Buongiorno a tutti. Ho sempre avuto interesse
nella storia italica preromana a livello
amatoriale e qualche tempo fa ho fatto quella che
ritengo una scoperta epocale (tanto epocale che
sto portando avanti la cosa anche senza la pretesa
di diventare famoso per tale scoperta, e' proprio
che mi sentirei "insensibile" se non dovessi
rendere pubblica tale verita'). Puo' essere che le
mie ipotesi possano apparire esagerate ma ci sono
alcuni punti fermi che mi spingono a tali
"esagerazioni".

Ho raccolto quanto piu' materiale possibile su
quegli oggetti bronzei e di terracotta che vengono
definiti semplicemente come "fegati di pecora"
senza accorgersi che tali oggetti costituiscono
una mappa geografica dell'Europa (la piu' antica
in circolazione).

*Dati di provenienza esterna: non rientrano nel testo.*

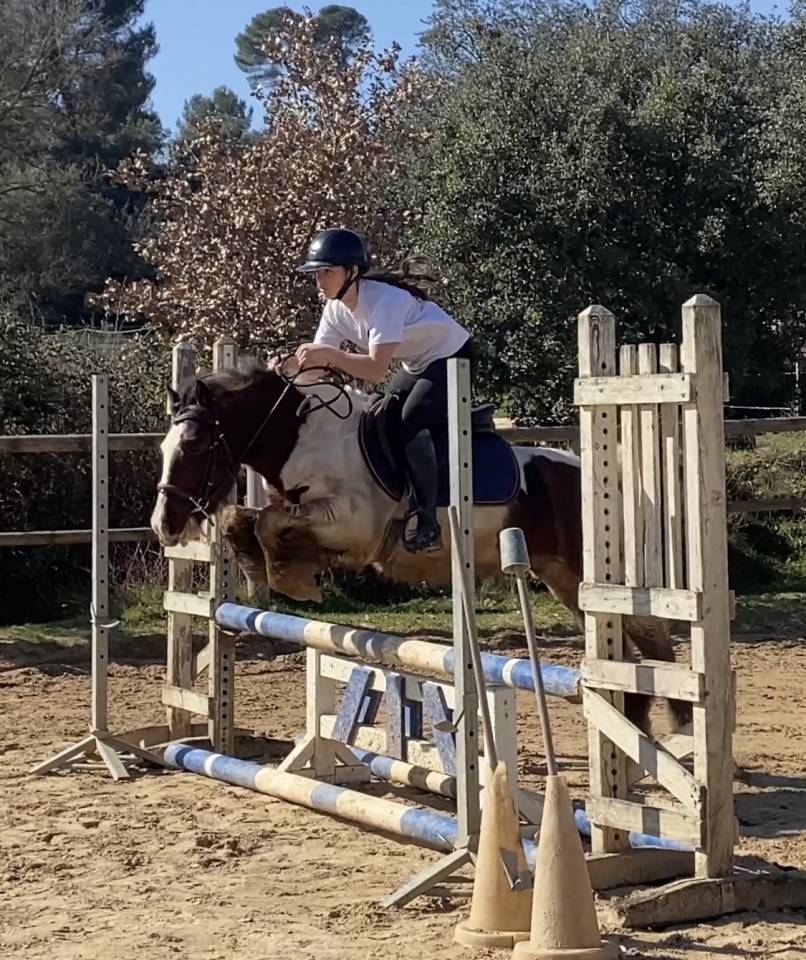 Ruin Andere pony rassen Te koop 2016 Bont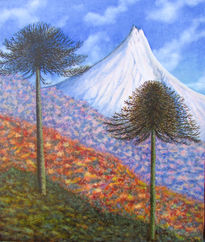 Araucarias Andinas.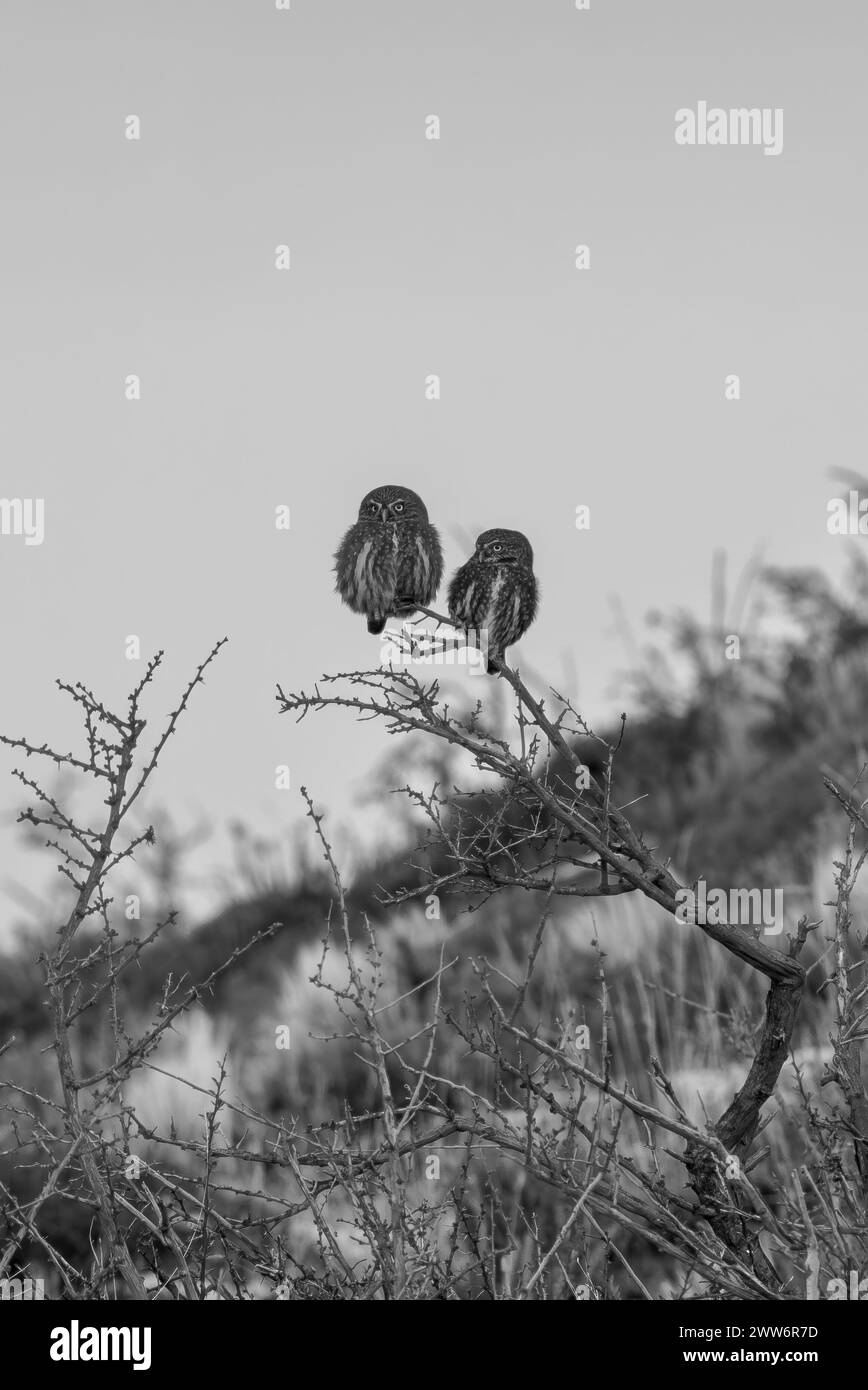 paire de chouettes de patagonie debout sur une branche contre le ciel. Banque D'Images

Gia' il fatto che l'oggetto
etrusco (il "fegato" bronzeo custodito a Piacenza)
sia identico ai modelli in terracotta babilonesi
(2000 avanti Cristo) dovrebbe farci pensare a come
l'Italia fosse ben conosciuta fin dai tempi piu'
antichi. L'Europa come "fegato del mondo" (la
visione orientale di considerare il pianeta come
una persona sdraiata) e' alla base della
questione.

E' possibile, anzi e' naturale, che tutti i
personaggi e gli avvenimenti legati alle regioni
geografiche di questa mappa diventino un insieme
statistico che puo' aiutare gli indovini nelle
predizioni del futuro (se le statistiche storiche
dicono che quando succede una certa cosa ne capita
un'altra ecco nascere le predizioni del caso).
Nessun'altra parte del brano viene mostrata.